- **WHAT NEEDS TO BE DONE**
Each line of the material holding the word "life" must be identified and copied.

- **TASK DATA**
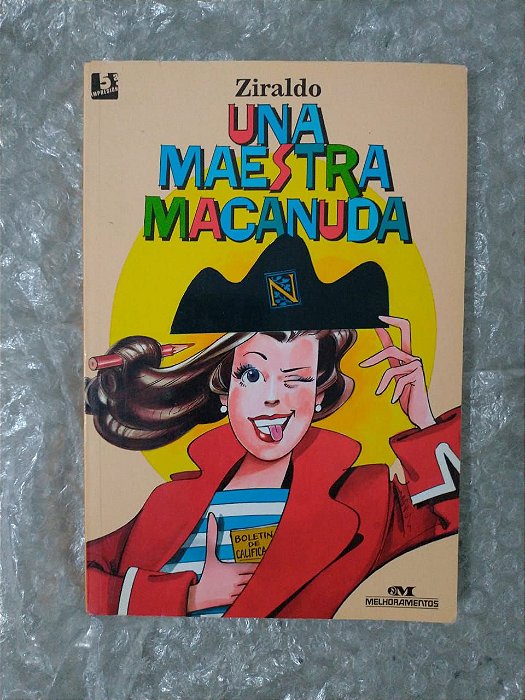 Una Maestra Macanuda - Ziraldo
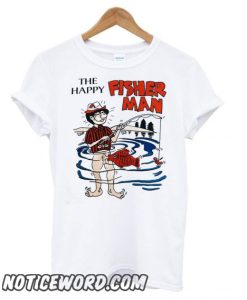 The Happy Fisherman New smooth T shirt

...

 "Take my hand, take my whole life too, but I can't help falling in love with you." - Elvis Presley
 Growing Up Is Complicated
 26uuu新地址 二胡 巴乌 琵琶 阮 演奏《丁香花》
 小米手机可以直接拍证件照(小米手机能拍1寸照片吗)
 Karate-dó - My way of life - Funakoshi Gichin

- **YOUR SOLUTION**
 "Take my hand, take my whole life too, but I can't help falling in love with you." - Elvis Presley
 Karate-dó - My way of life - Funakoshi Gichin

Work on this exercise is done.